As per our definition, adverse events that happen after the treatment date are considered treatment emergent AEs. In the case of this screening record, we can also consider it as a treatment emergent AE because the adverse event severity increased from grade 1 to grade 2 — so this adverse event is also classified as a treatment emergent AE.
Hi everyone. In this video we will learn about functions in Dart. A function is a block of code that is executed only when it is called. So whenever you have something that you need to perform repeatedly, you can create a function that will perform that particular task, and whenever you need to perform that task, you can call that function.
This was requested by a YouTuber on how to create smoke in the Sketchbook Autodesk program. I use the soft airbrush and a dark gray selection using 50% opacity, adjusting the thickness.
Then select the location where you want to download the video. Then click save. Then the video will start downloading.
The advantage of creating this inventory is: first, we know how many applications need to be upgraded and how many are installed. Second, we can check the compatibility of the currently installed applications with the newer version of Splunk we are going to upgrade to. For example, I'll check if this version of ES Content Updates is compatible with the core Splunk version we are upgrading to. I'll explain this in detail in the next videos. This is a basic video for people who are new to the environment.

---

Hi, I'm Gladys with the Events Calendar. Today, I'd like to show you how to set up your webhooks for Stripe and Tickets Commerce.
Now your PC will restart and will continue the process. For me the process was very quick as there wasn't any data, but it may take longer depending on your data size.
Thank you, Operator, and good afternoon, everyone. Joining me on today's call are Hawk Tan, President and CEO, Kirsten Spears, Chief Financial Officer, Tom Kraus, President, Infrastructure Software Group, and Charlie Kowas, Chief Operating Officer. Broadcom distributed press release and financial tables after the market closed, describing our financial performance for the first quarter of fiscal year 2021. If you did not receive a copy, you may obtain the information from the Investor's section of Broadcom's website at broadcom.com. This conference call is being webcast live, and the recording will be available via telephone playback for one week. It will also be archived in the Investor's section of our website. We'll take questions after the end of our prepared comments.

WHAT TO PRODUCE: Search the data for "also". Copy every matching line.

RESPONSE TO THE EXERCISE:
As per our definition, adverse events that happen after the treatment date are considered treatment emergent AEs. In the case of this screening record, we can also consider it as a treatment emergent AE because the adverse event severity increased from grade 1 to grade 2 — so this adverse event is also classified as a treatment emergent AE.
Thank you, Operator, and good afternoon, everyone. Joining me on today's call are Hawk Tan, President and CEO, Kirsten Spears, Chief Financial Officer, Tom Kraus, President, Infrastructure Software Group, and Charlie Kowas, Chief Operating Officer. Broadcom distributed press release and financial tables after the market closed, describing our financial performance for the first quarter of fiscal year 2021. If you did not receive a copy, you may obtain the information from the Investor's section of Broadcom's website at broadcom.com. This conference call is being webcast live, and the recording will be available via telephone playback for one week. It will also be archived in the Investor's section of our website. We'll take questions after the end of our prepared comments.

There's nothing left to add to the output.